[Provided records Boundary: Start]

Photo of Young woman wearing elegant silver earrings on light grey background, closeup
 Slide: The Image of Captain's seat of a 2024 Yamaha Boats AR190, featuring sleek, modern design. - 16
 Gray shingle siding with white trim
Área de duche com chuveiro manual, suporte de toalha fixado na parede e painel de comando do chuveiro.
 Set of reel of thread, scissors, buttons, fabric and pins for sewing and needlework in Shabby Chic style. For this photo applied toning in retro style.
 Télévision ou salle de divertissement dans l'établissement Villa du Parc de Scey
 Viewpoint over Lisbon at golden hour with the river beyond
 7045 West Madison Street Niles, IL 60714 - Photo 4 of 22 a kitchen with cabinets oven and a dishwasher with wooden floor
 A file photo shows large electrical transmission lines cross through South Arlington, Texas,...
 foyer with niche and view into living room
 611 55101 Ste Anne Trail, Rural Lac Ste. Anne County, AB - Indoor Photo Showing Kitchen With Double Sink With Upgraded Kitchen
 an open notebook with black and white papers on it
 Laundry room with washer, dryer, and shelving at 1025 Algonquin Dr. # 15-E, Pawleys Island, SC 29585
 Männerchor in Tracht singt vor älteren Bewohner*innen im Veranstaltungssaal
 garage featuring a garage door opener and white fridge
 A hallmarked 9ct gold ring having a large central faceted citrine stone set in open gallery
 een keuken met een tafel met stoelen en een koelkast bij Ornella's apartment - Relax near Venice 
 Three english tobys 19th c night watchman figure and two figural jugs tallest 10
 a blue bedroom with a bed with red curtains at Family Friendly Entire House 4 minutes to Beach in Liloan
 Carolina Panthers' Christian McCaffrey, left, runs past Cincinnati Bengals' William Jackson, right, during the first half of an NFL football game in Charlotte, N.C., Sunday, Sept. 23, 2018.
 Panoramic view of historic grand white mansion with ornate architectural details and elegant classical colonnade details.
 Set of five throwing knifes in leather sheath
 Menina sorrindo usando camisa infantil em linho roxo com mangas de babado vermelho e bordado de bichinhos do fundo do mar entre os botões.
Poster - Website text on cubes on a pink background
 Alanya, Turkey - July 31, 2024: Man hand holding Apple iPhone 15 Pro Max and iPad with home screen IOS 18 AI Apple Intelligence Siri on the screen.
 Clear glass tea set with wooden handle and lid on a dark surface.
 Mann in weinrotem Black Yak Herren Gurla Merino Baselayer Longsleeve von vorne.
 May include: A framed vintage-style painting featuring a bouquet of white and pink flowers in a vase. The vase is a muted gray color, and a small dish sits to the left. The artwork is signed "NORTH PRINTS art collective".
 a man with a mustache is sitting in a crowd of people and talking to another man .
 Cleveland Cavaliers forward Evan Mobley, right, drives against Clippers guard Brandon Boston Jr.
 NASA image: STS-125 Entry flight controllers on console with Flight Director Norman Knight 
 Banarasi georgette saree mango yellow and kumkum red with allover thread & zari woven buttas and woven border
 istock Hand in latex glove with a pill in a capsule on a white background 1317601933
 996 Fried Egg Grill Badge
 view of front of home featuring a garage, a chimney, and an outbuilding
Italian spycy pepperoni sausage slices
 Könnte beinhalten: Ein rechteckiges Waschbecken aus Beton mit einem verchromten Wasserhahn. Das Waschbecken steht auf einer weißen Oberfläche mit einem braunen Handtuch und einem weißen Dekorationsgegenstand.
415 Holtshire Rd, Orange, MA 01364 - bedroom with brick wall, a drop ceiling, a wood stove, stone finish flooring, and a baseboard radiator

[Provided records Boundary: End]

### Task prompt
Every one of the records is to be copied word for word.

### Reply
Photo of Young woman wearing elegant silver earrings on light grey background, closeup
 Slide: The Image of Captain's seat of a 2024 Yamaha Boats AR190, featuring sleek, modern design. - 16
 Gray shingle siding with white trim
Área de duche com chuveiro manual, suporte de toalha fixado na parede e painel de comando do chuveiro.
 Set of reel of thread, scissors, buttons, fabric and pins for sewing and needlework in Shabby Chic style. For this photo applied toning in retro style.
 Télévision ou salle de divertissement dans l'établissement Villa du Parc de Scey
 Viewpoint over Lisbon at golden hour with the river beyond
 7045 West Madison Street Niles, IL 60714 - Photo 4 of 22 a kitchen with cabinets oven and a dishwasher with wooden floor
 A file photo shows large electrical transmission lines cross through South Arlington, Texas,...
 foyer with niche and view into living room
 611 55101 Ste Anne Trail, Rural Lac Ste. Anne County, AB - Indoor Photo Showing Kitchen With Double Sink With Upgraded Kitchen
 an open notebook with black and white papers on it
 Laundry room with washer, dryer, and shelving at 1025 Algonquin Dr. # 15-E, Pawleys Island, SC 29585
 Männerchor in Tracht singt vor älteren Bewohner*innen im Veranstaltungssaal
 garage featuring a garage door opener and white fridge
 A hallmarked 9ct gold ring having a large central faceted citrine stone set in open gallery
 een keuken met een tafel met stoelen en een koelkast bij Ornella's apartment - Relax near Venice 
 Three english tobys 19th c night watchman figure and two figural jugs tallest 10
 a blue bedroom with a bed with red curtains at Family Friendly Entire House 4 minutes to Beach in Liloan
 Carolina Panthers' Christian McCaffrey, left, runs past Cincinnati Bengals' William Jackson, right, during the first half of an NFL football game in Charlotte, N.C., Sunday, Sept. 23, 2018.
 Panoramic view of historic grand white mansion with ornate architectural details and elegant classical colonnade details.
 Set of five throwing knifes in leather sheath
 Menina sorrindo usando camisa infantil em linho roxo com mangas de babado vermelho e bordado de bichinhos do fundo do mar entre os botões.
Poster - Website text on cubes on a pink background
 Alanya, Turkey - July 31, 2024: Man hand holding Apple iPhone 15 Pro Max and iPad with home screen IOS 18 AI Apple Intelligence Siri on the screen.
 Clear glass tea set with wooden handle and lid on a dark surface.
 Mann in weinrotem Black Yak Herren Gurla Merino Baselayer Longsleeve von vorne.
 May include: A framed vintage-style painting featuring a bouquet of white and pink flowers in a vase. The vase is a muted gray color, and a small dish sits to the left. The artwork is signed "NORTH PRINTS art collective".
 a man with a mustache is sitting in a crowd of people and talking to another man .
 Cleveland Cavaliers forward Evan Mobley, right, drives against Clippers guard Brandon Boston Jr.
 NASA image: STS-125 Entry flight controllers on console with Flight Director Norman Knight 
 Banarasi georgette saree mango yellow and kumkum red with allover thread & zari woven buttas and woven border
 istock Hand in latex glove with a pill in a capsule on a white background 1317601933
 996 Fried Egg Grill Badge
 view of front of home featuring a garage, a chimney, and an outbuilding
Italian spycy pepperoni sausage slices
 Könnte beinhalten: Ein rechteckiges Waschbecken aus Beton mit einem verchromten Wasserhahn. Das Waschbecken steht auf einer weißen Oberfläche mit einem braunen Handtuch und einem weißen Dekorationsgegenstand.
415 Holtshire Rd, Orange, MA 01364 - bedroom with brick wall, a drop ceiling, a wood stove, stone finish flooring, and a baseboard radiator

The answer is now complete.